10QSB: AMERIRESOURCE TECHNOLOGIES INC
8/15/2002 2:03:00 AM
(EDGAR Online via COMTEX) -- ITEM 2. MANAGEMENT'S DISCUSSION & ANALYSIS OF FINANCIAL CONDITION AND RESULTS OF OPERATIONS

Forward-Looking Statements

The following discussion and analysis should be read in conjunction with the financial statements and notes thereto appearing elsewhere herein. Except for historical information contained herein, certain statements herein are forward-looking statements that are made pursuant to the safe harbor provisions of the Private Securities Litigation Reform Act of 1995. For this purpose, any statements contained herein that are not statements of historical fact may be deemed to be forward-looking statements. These statements relate to future events or to our future financial performance. In some cases, you can identify forward-looking statements by terminology such as "may," "will," "should," "expects," "plans," "anticipates," "believes," "estimates," "predicts," "potential," or "continue" or the negative of such terms or other comparable terminology. These statements are only predictions. Actual events or results may differ materially. There are a number of factors that could cause the Company's actual results to differ materially from those indicated by such forward-looking statements.

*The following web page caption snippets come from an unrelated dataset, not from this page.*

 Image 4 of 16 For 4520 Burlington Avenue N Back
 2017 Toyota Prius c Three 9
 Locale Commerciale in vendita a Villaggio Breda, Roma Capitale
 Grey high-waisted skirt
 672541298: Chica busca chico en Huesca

This discussion contains forward-looking statements which involve the acquisition of technology, and the Company's financial position, business strategy and other plans and objectives for future operations. Although the Company believes that the expectations reflected in the forward-looking statements are reasonable, there can be no assurance that the actual results or developments anticipated by the Company will be realized or, even if substantially realized, that they will have the expected effects on its business or operations. Moreover, the Company does not assume responsibility for the accuracy and completeness of such statements. The Company is under no duty to update any of the forward-looking statements after the date of this report to conform such statements to actual results.

General

The Company's operations for the second quarter of 2002 were conducted through its wholly owned subsidiaries Jim Butler Performance ("JBP") and West Texas Real Estate & Resources, Inc. ("WTRER"), and through its minority interest in Prime Enterprises 2001, LLC ("Prime").

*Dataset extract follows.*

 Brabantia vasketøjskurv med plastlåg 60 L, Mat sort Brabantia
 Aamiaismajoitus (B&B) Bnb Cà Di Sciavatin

JBP concentrated on its core business of manufacturing high end racing engines and the research for the development of potential new product lines as well as expanding the functionality of its existing website, www.jbp-pontiac.com, which is still under minor construction. The website will have a link to a full inventory of parts that can be purchased on line, as well as a calendar of upcoming events and a technical section that will allow JBP's management to answer questions from the car enthusiasts and/or hobbyists. The link for the website should be completed within the next thirty (30) days.

WTRER's business operations in the second quarter consisted primarily of analyzing the viability of drilling additional wells and deepening the existing wells on its oil, gas and mineral lease in Pecos County, Texas.

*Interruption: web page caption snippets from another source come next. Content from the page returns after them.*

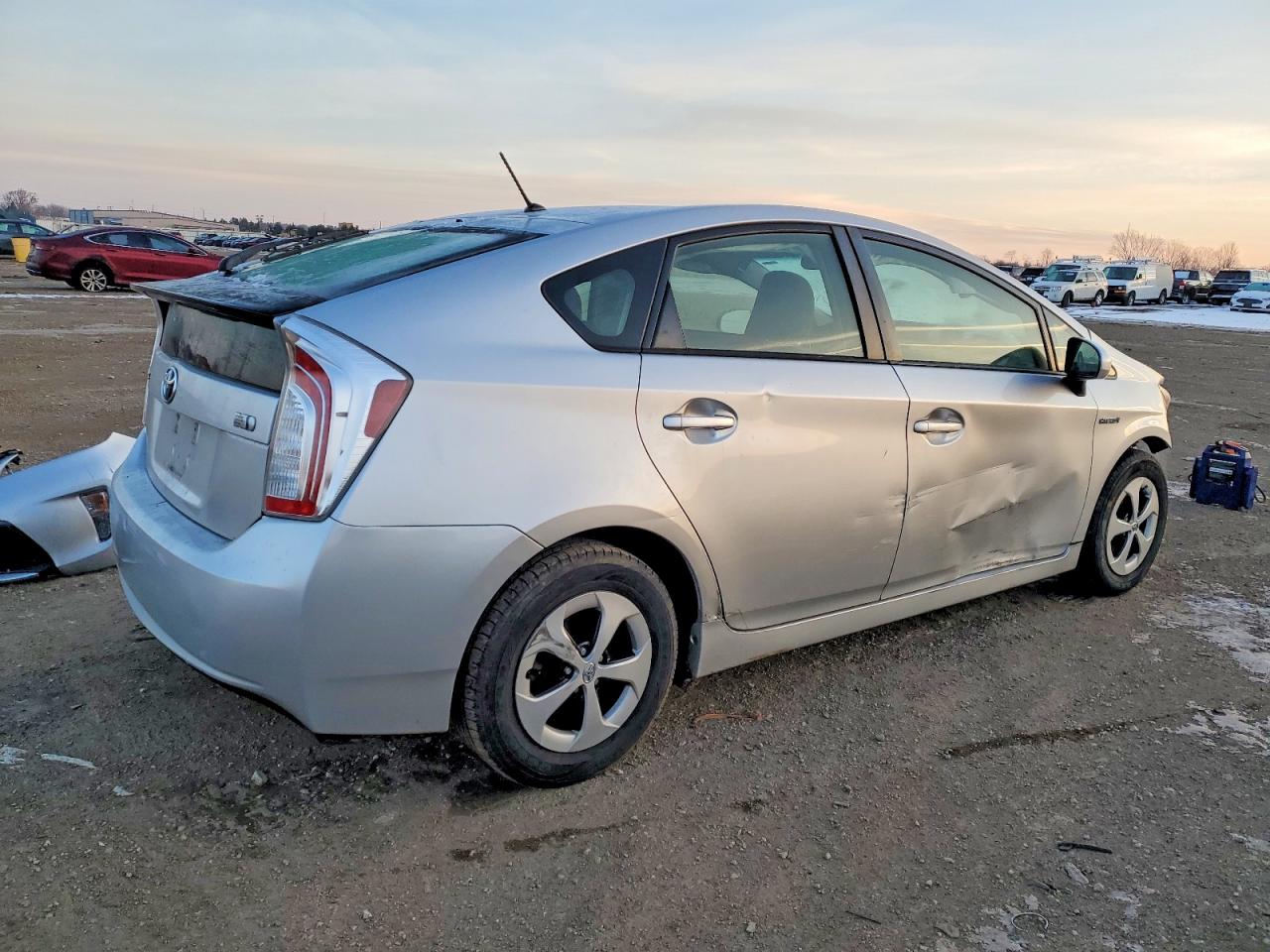 2013 TOYOTA PRIUS photo 3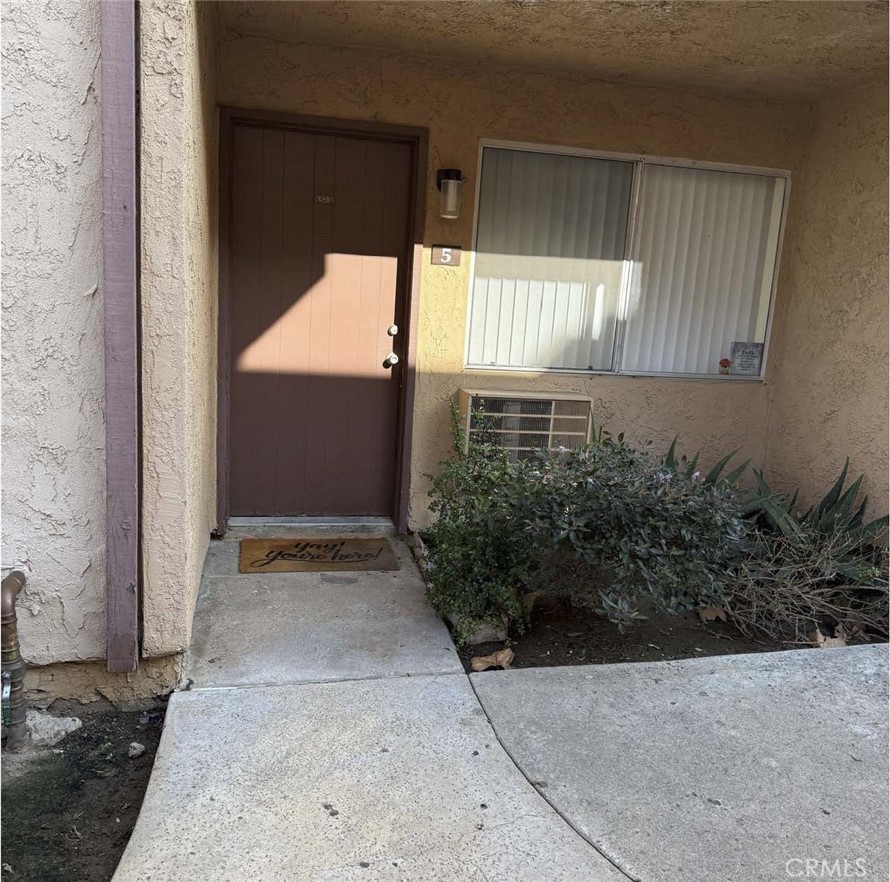 Residential for sale at 801 S Lyon Street 167(L-5), Santa Ana CA featuring 2 beds and 1 bath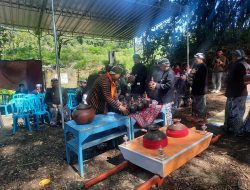 Jelang Hari Jadi, Forkopimcam Tengaran Ambil Air Perwitasari di Sruwen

Prime's sole acquisition is the Golden Steer Restaurant which has been in business since 1958 and is one of the oldest steak restaurants in Las Vegas. Prime continues to look for other acquisitions in the restaurant industry in Las Vegas as well as outside the State of Nevada. On July 1, 2002, the Company's president, Delmar Janovec, acquired the Company's 9% interest in Prime Enterprises 2001, LLC, in exchange for the extinguishment of a debt in the amount of $233,330 that was owed to him by the Company.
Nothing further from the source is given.